Второй подход — это консультирование специалистов. То есть, часть работы заказчик выполняет сам при условии наличия необходимой нормативной базы. Центр только выделяет специалиста для оказания консультаций. Но в этом варианте вся ответственность целиком ложится на заказчика.

Центр компетенции бесплатно выполняет работы для открытия проекта – анкетирование и собеседование, на основании которых проходит оценка сроков и стоимости проекта, подготовка коммерческого предложения и договора на выполнение проекта. Для существующих клиентов комплекс мероприятий состоит из анализа эффективности применяемых средств защиты информации, выработке основных рекомендаций по устранению найденных уязвимостей, оказанию помощи в прохождении процедур классификации и аттестации. Своим клиентам и потенциальным заказчикам Корпорация «Галактика» уже сейчас может предложить сертифицированный во ФСТЭК комплекс средств защиты информации от несанкционированного доступа пользователей к базе данных.

Кроме того, наш учебный центр в центральном офисе в Москве организует курсы по различным направлениям связанным как с технической защитой информации, так и с обработкой ПДн. Мы рады оказать помощь и содействовать развитию вашего бизнеса.

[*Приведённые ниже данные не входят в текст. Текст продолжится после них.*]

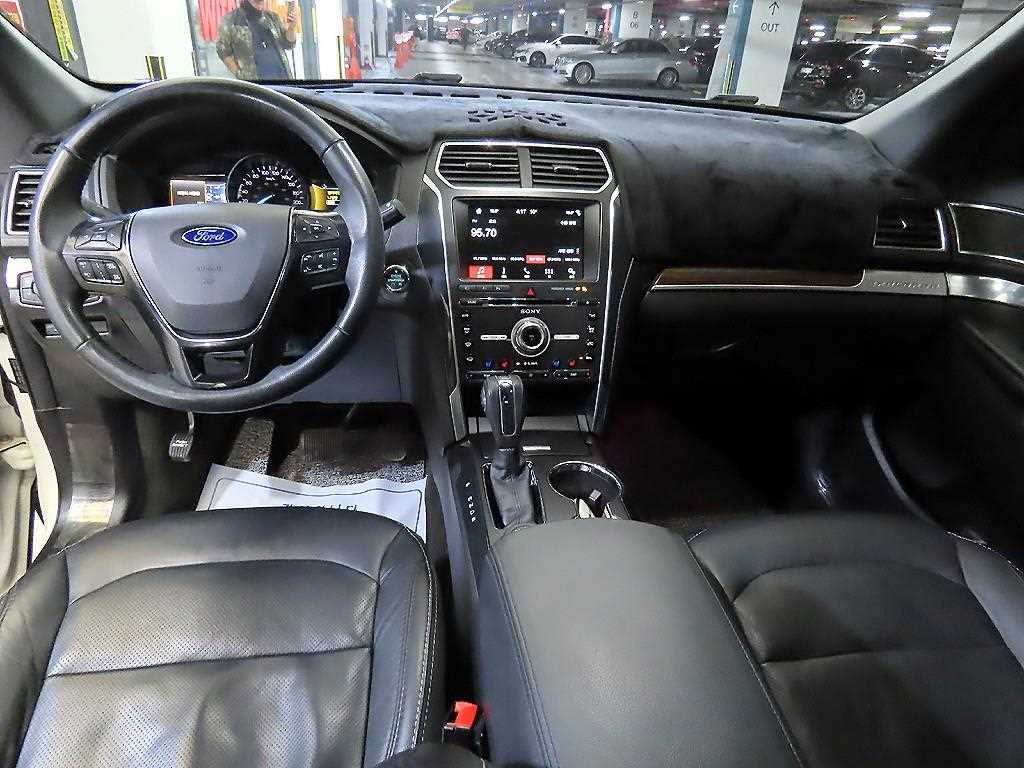 Ford Explorer - Vista 10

Активное обсуждение докладов подтвердило на деле, что тема семинара очень актуальна для субъектов бизнеса и представителей государственных структур. Государство создало необходимые условия для выполнения требований по безопасности персональных данных, предоставив полную свободу выбора методов управления данными и систем защиты. А эксперты предупреждают: чем быстрее начать эту работу, тем ниже будет риск привлечь к себе внимание регуляторов и тем более понести санкции за несоблюдение требований законодательства.

В продолжение темы

Согласно Закону №152-ФЗ операторами персональных данных являются государственные или муниципальные органы, юридические или физические лица, организующие, осуществляющие обработку персональных данных, а также определяющие цели и содержание обработки персональных данных.

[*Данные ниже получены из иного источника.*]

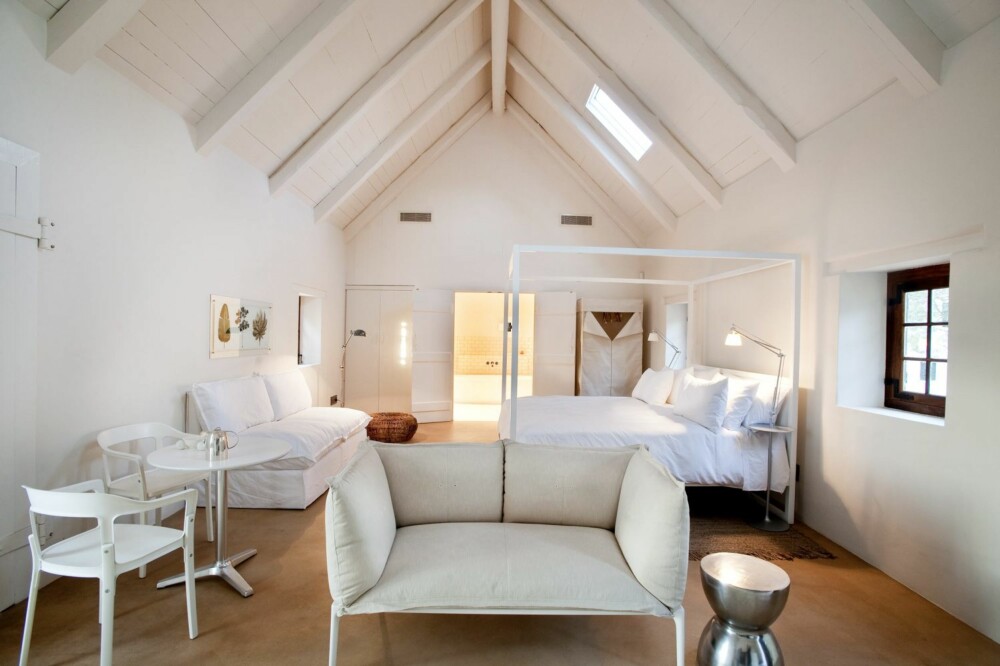 STILSIKKERT: Gervasoni-sofa, himmelseng, Anglepoise-lamper og delikat sengetøy. Moderne, men likevel hyggelig.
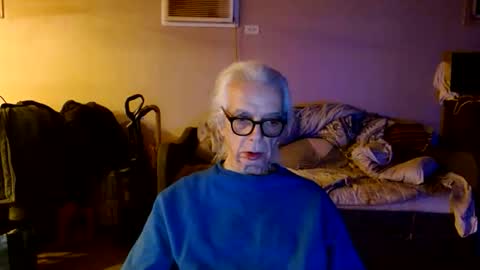 tom112292014 online show from March 15, 2:27 am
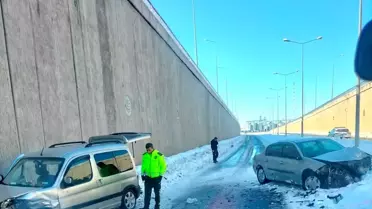 Diyarbakır Çınar’da Otomobil ve Hafif Ticari Araç Çarpıştı: 3 Yaralı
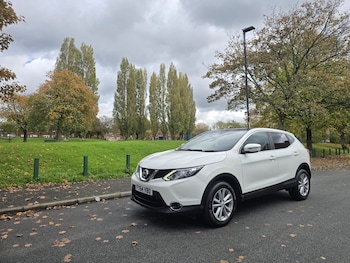Used Nissan Qashqai 2014 for sale - 77602007: Photo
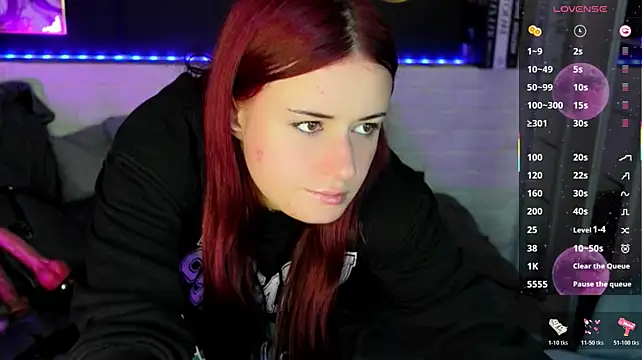 Lily_Moonlight live cam on StripChat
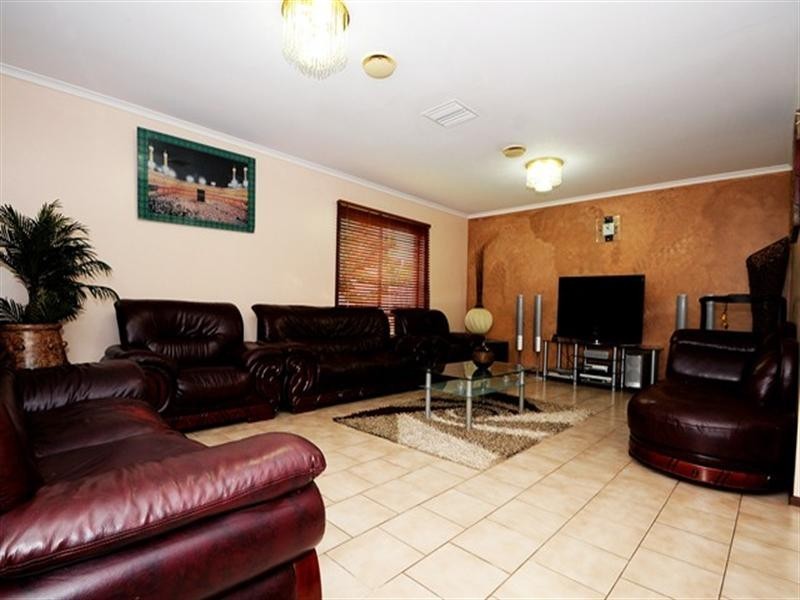 76 Virgilia Drive, Hoppers Crossing VIC 3029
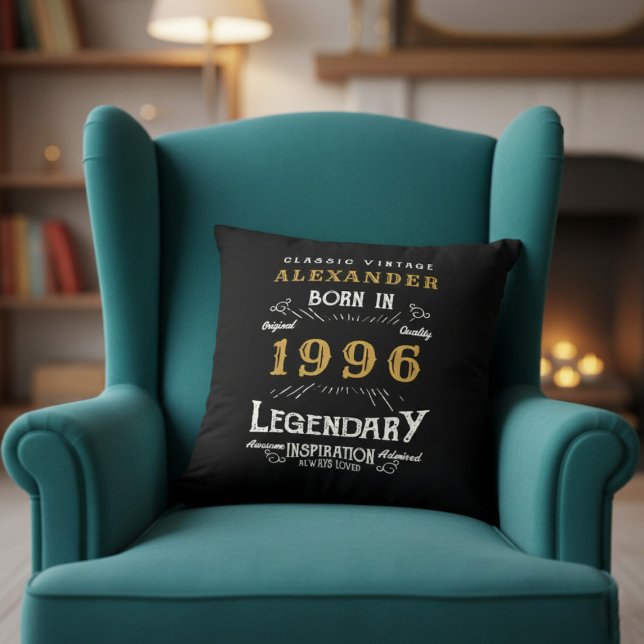 Personlig 30-årsdag Född 1996 Legend Svart Kudde (Born 1996 throw pillow on a green chair.)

Под обработкой ПДн понимаются действия, операции с персональными данными, включая сбор, систематизацию, накопление, хранение, уточнение, обновление, изменение, а также использование, распространение, обезличивание, блокирование, уничтожение ПДн.

Статья 24
Закона регламентирует ответственность за нарушение требований настоящего Федерального закона. Лица, виновные в нарушении требований настоящего Федерального закона, несут гражданскую, уголовную, административную, дисциплинарную и иную предусмотренную законодательством Российской Федерации ответственность. Кодекс об административных правонарушениях предусматривает максимальный штраф в размере 500 000 рублей за невыполнение предписаний Роскомнадзора, приостановку деятельности организации на срок до 90 суток при осуществлении деятельности по защите персональных данных без лицензии (ст. 19.20 КоАП). Согласно уголовному кодексу нарушителю грозит штраф до 300 000 рублей, обязательные работы на срок до 1-го года, арест до шести месяцев и лишение права занимать должность на срок до пяти лет. 

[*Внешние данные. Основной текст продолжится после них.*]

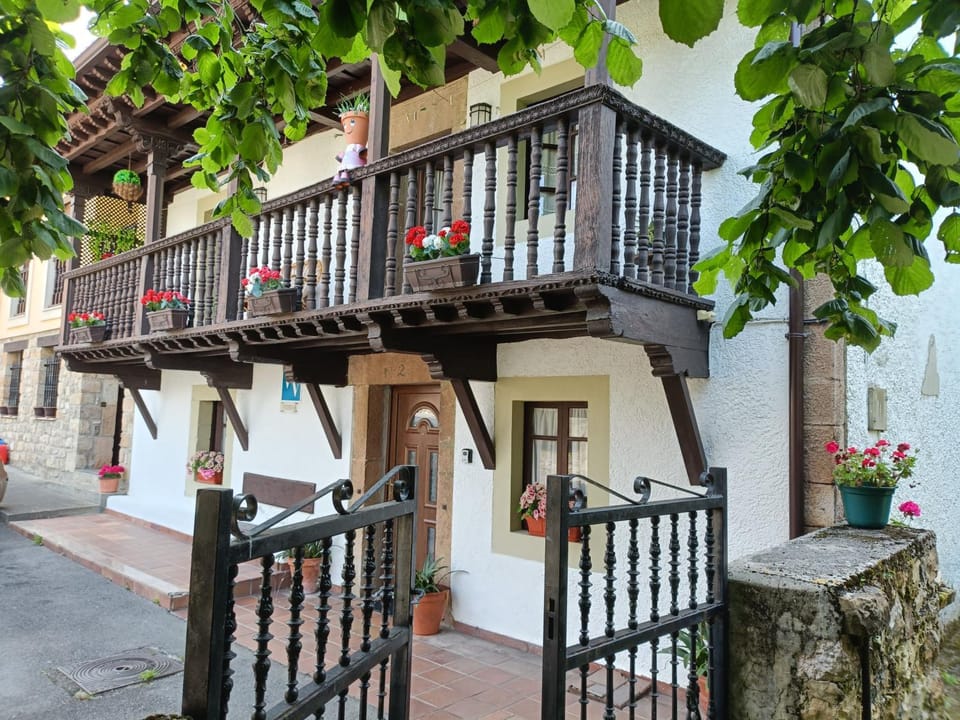 Casa Pelayo 2 Country House in Cantabria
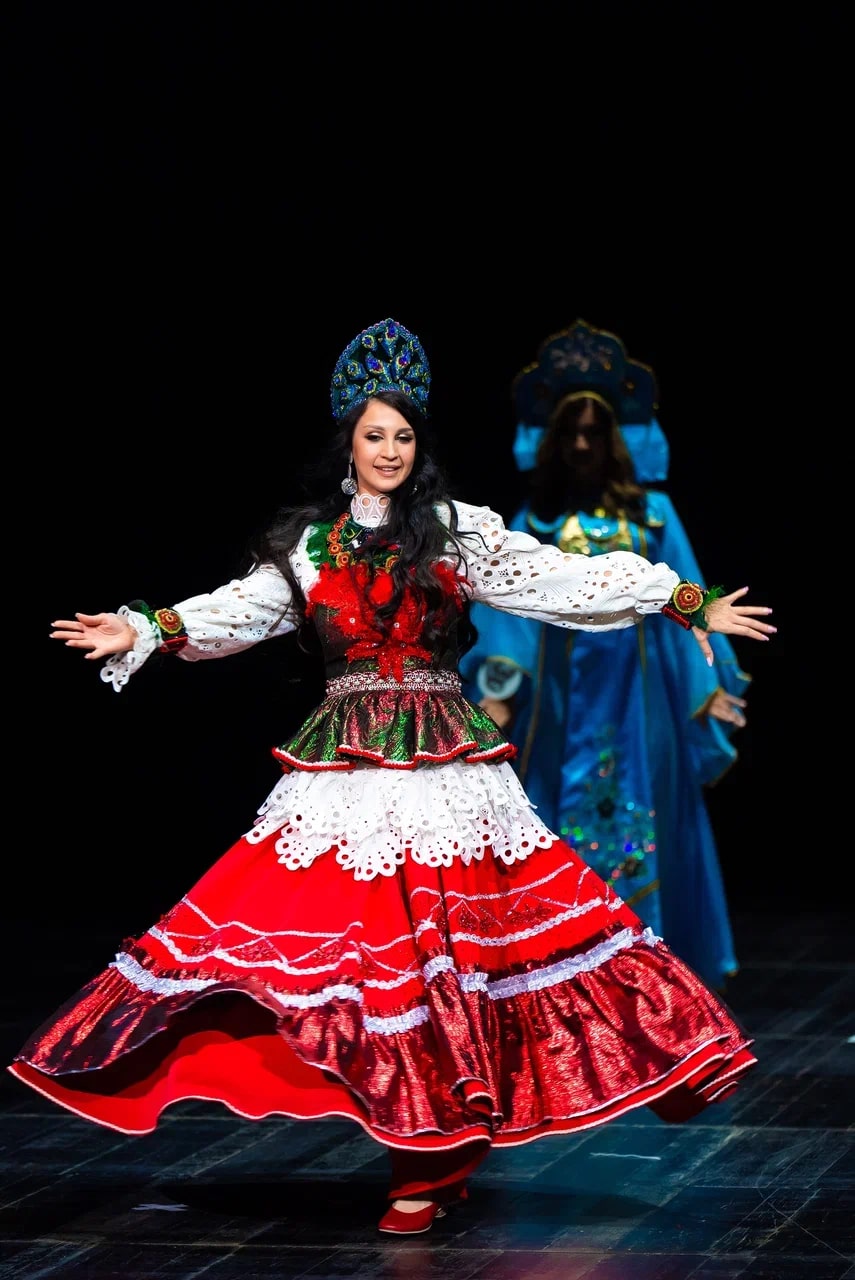 Семь из девяти девушек, представляющих Владимирскую область, получили титулы на одном из самых масштабных конкурсов красоты в стране «Миссис Россия Мира 2024», который поставил в этом году рекорд по числу участниц! Столь приятными новостями поделилась с «Ключ-Медиа» организатор областных этапов Виктория Селеметова.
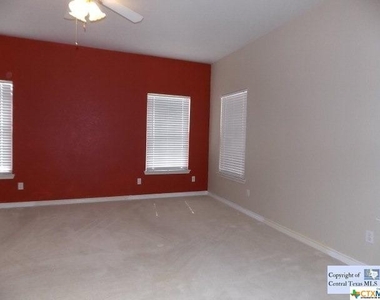 677 Sagewood Parkway - Photo Thumbnail 9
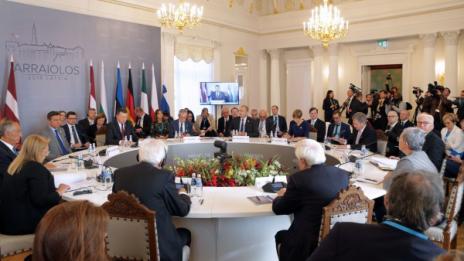 Радев алармира: Бъдещето на Европа се определя от малък елит!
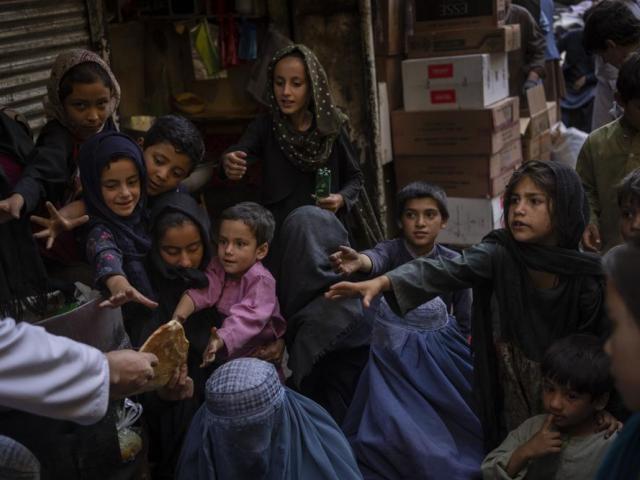Afghan women and children receive bread donations in Kabul&#039;s Old City, Afghanistan, Thursday, Sept. 16, 2021. (AP Photo/Bernat Armangue)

По данным интернет-изданий, в 2008 году прошли первые судебные процессы по искам в области защиты прав субъектов персональных данных. Судебными инстанциями из 22 административных дел семь рассмотрены в пользу субъектов персональных данных, в шести случаях вынесены решения об отказе в исковых требованиях, девять административных дел на конец года находились в судебном производстве.